Tuesday, August 13, 2013

Catching Fire

When I was little I did all sorts of things with my dad that my mom didn't know about.

When I was in second grade, we used to go to the High's store in Myersville, Maryland and get a double scoop ice cream cone on the way to the special eye doctor I used to go to for awhile. I remember most vividly mint-chocolate chip. That and the eye exercises that I refused to do, which is probably the reason why I am nearly blind these days.

We also used to go to Friendly's in the Fredericktown Mall, sit at the counter and order the clam strip basket and a Fribble, and today I took La to Friendly's in Pennsylvania to do the same thing. There were no counters, but everything was exactly the same (new Fribble recipe notwithstanding; it still tasted the same to me).

What a rare and beautiful thing to revisit something you remember from childhood and have it be exactly as you remember; I don't think I have ever had this experience.

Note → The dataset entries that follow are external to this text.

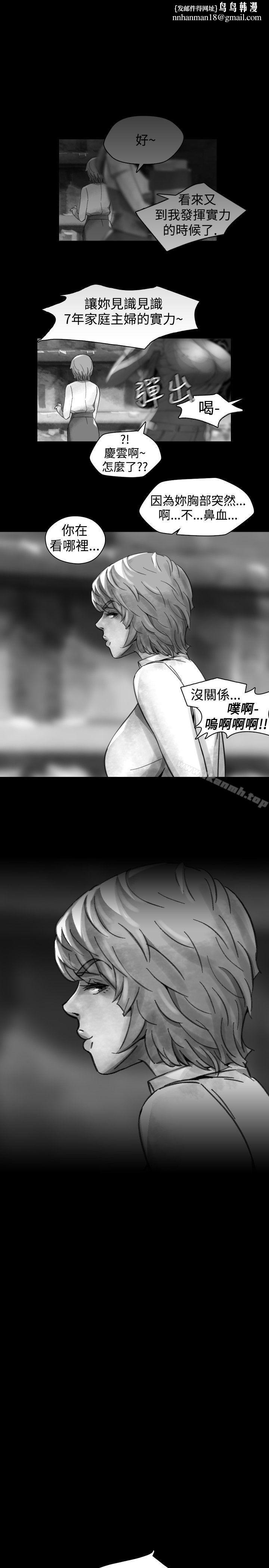 Video(完結) - Ep.1同床異夢<16>1.jpg,Video(完結) - Ep.1同床異夢<16>1,Video(完結) - Ep.1同床異夢<16>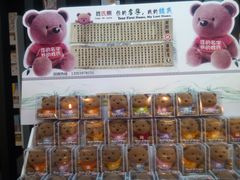 -晓风书屋(大学路店)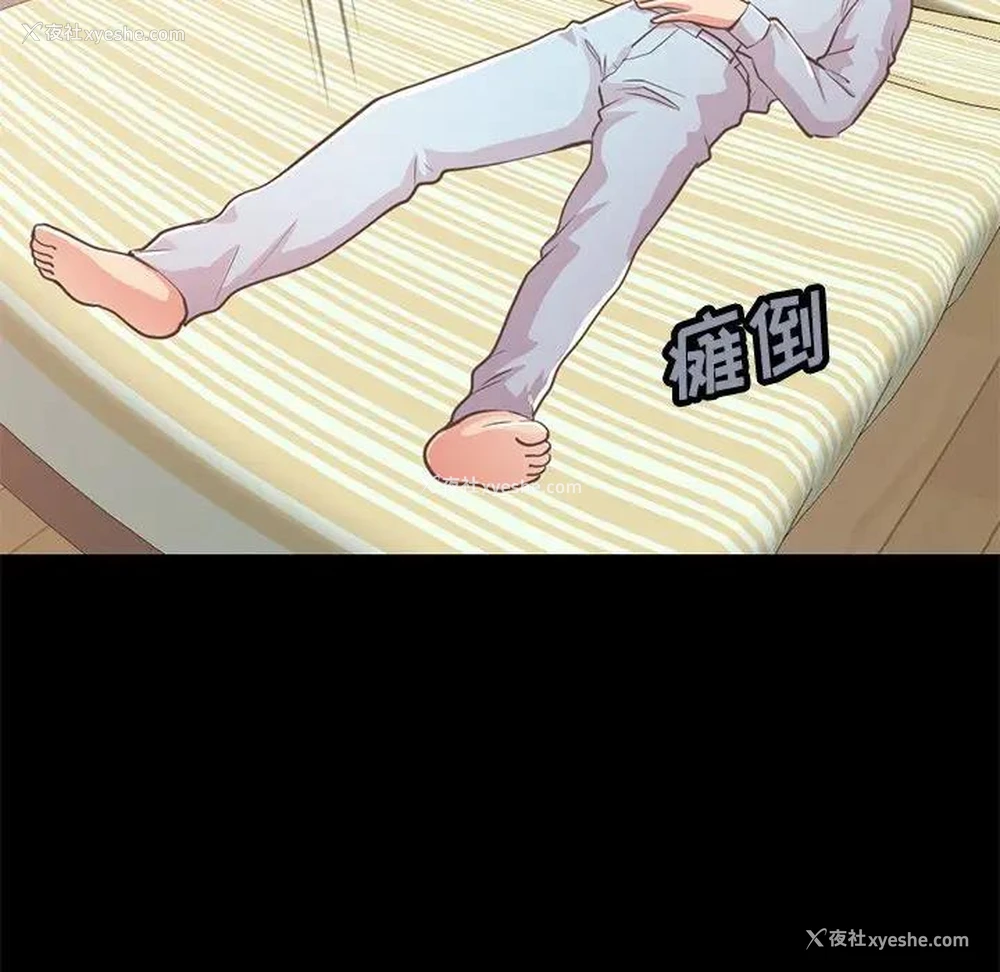 20P - 不该有的爱情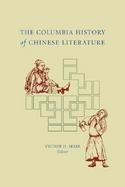 The Columbia History of Chinese Literature cover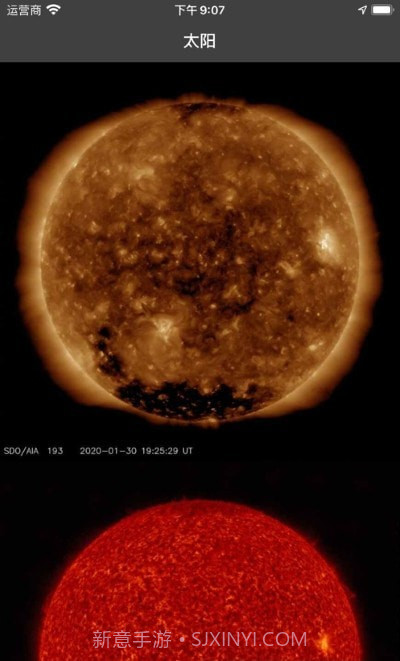我的极光预报My Aurora Forecast截图1
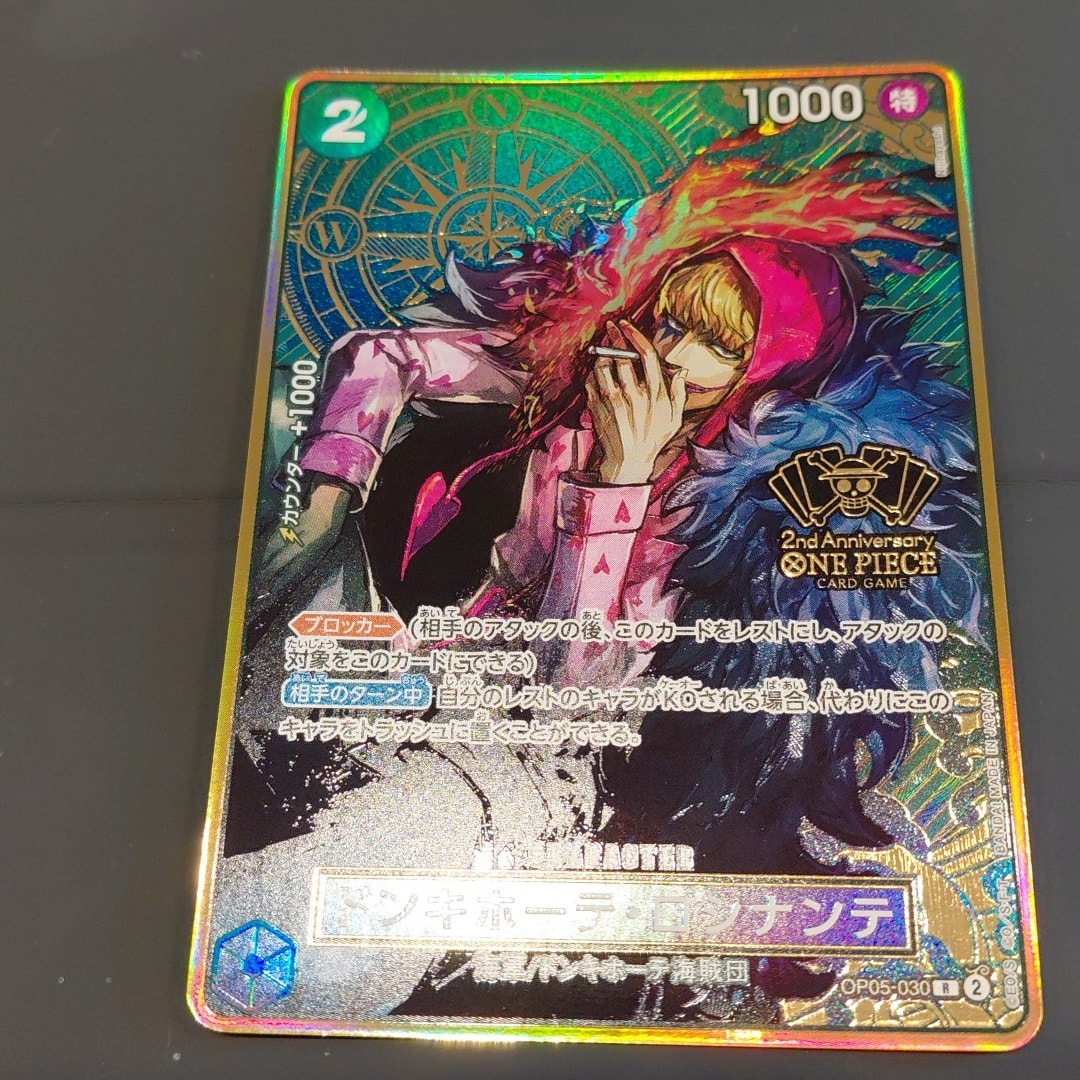 PSA10】ドンキホーテ・ロシナンテ R [OP05-030](スペシャルグッズ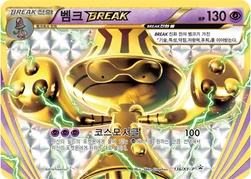 한국판 — 벰크 BREAK — XY 프로모 카드 136 —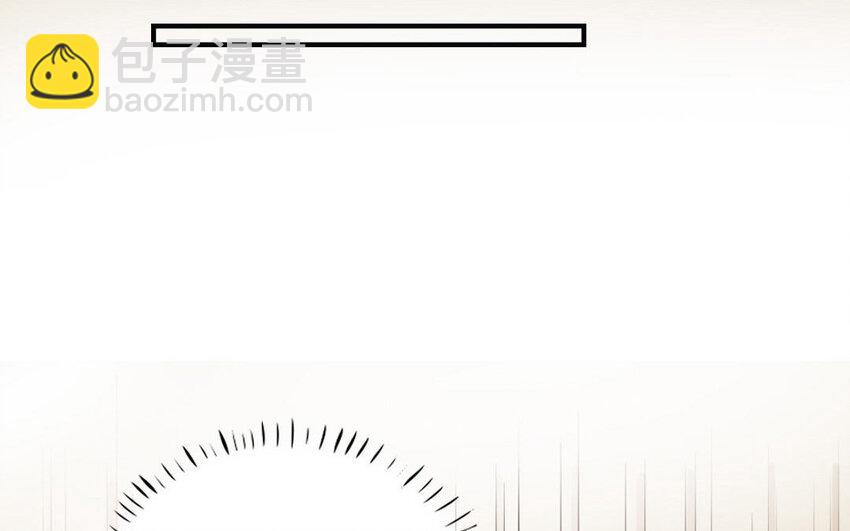 8 第7话 落荒而逃(1/2)-第8话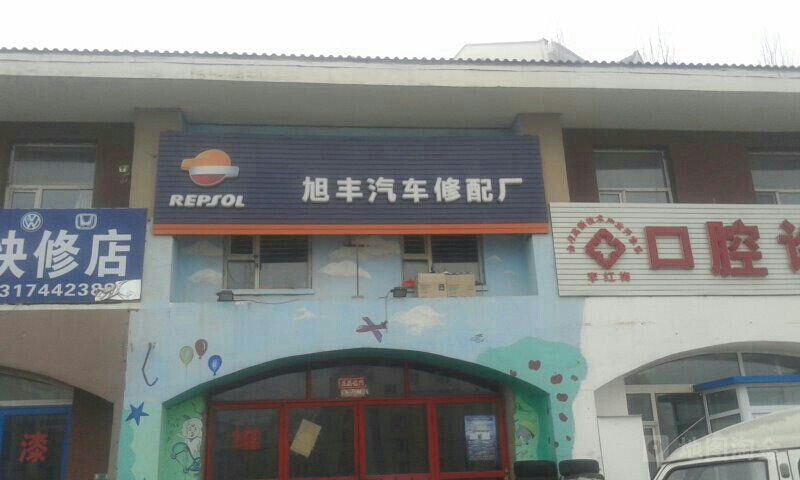 旭丰汽修
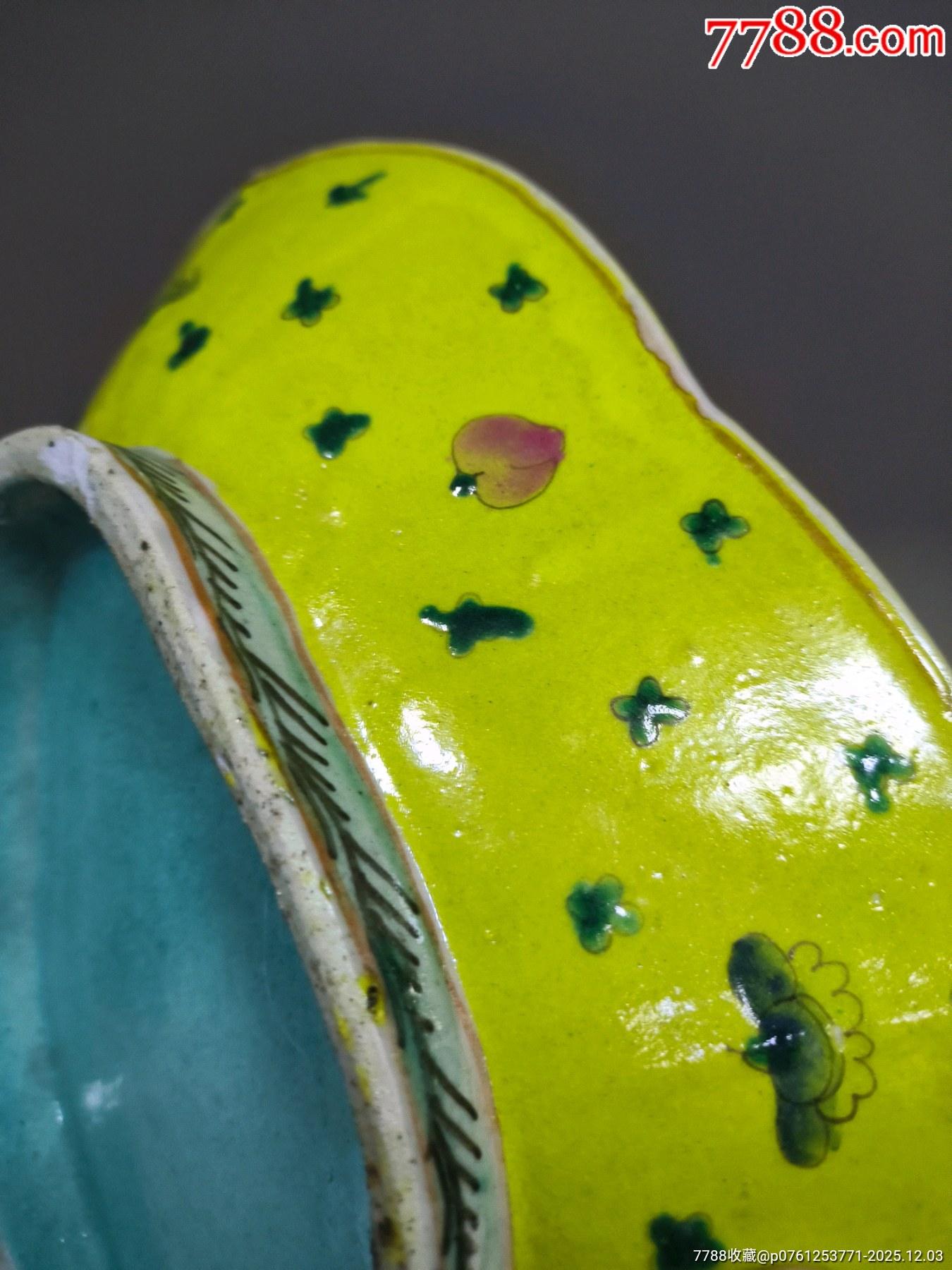 黃釉壽桃供盤_價(jià)格211元_第7張_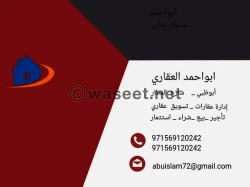 Apartments For Rent in Khalidiya Village  »  Al Khalidiyah  »  Abu Dhabi  »  Abu Dhabi Emirate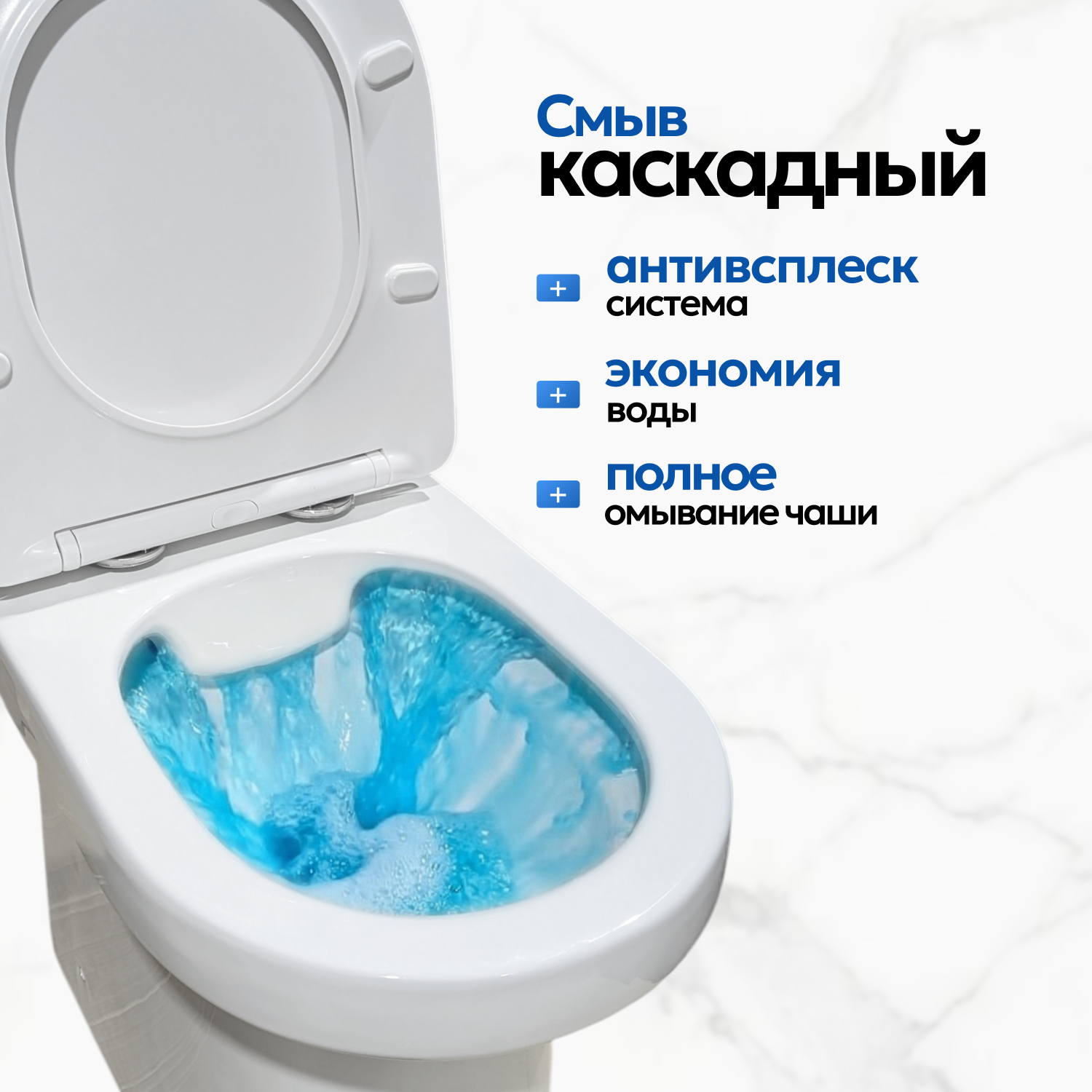 Унитаз Joki Solo JK01012035 напольный, безободковый, с сиденьем микролифт, цвет белый - фото 1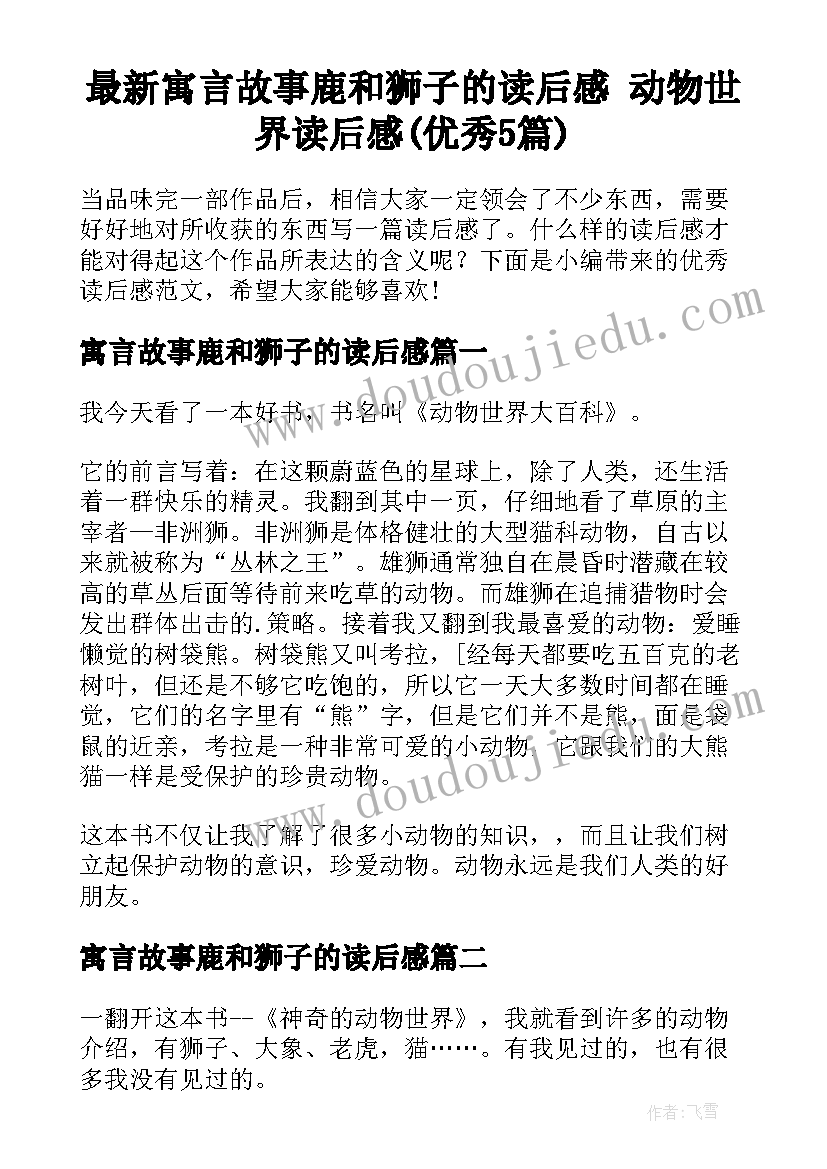 最新寓言故事鹿和狮子的读后感 动物世界读后感(优秀5篇)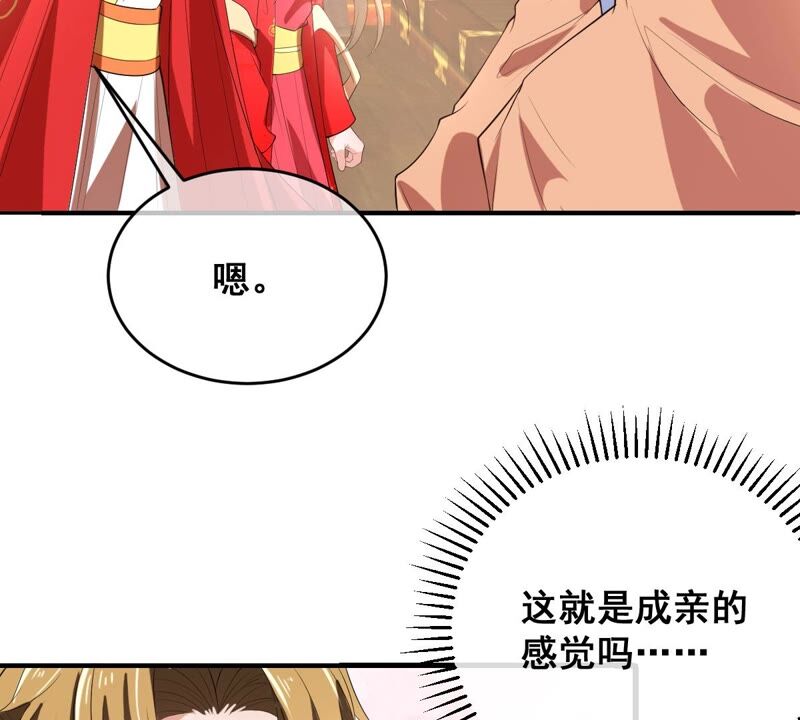 世无良猫韩漫全集-第174话 遇袭无删减无遮挡章节图片 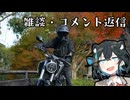 【CB125R】雑談＆コメント返信【VOICEPEAK車載】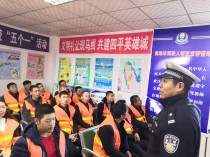 四平市驾校有哪些四平驾校什么时候恢复考试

Every time I try to go back and see what I knew when I was younger, it is completely different.

Even the conversation La and I had was much the same as the conversations I would have with my father 35 years ago. We talked about life, plans, people's expectations. We talked about moving to Baltimore, living in England, playing softball for the Washington Huskies. We talked about the weight of making decisions when you have no idea what's next, and we talked about Dane and missing him, most of all, even when his name wasn't spoken. We talked about how we could make all the plans in the world, and they really don't matter much, in the end.

We talked about how much it hurts when people don't make time for you, and how it would work if we just stopped making time for them.

I told La that what has become most clear to me is that people don't really understand what truly matters to them until they are forced to take stock and re-evaluate what must stay and what must go. It's like choosing what to grab when there's a fire in your house; what would you reach for first? Imagine this translated to people, practices and what you spend your time, money and energy on. If there was a fire (or grief, say) that forced you to select what "items" you had to watch burn, which would you choose?

I must say that I am still in the process of choosing what matters most to me. That may sound odd, but in the shock of the thing it is hard to think clearly.  I don't know how you go about making these choices.

What we saw today (in addition to Betsy Ross, at the Betsy Ross House, who was AMAZING):

(yarn bomb in Philly)

 
(my people: an Obama sticker in the window of Elfreth's Alley, the oldest
residential alley in the country. Haven't seen a Jesus fish in seven days; I <heart> the north!)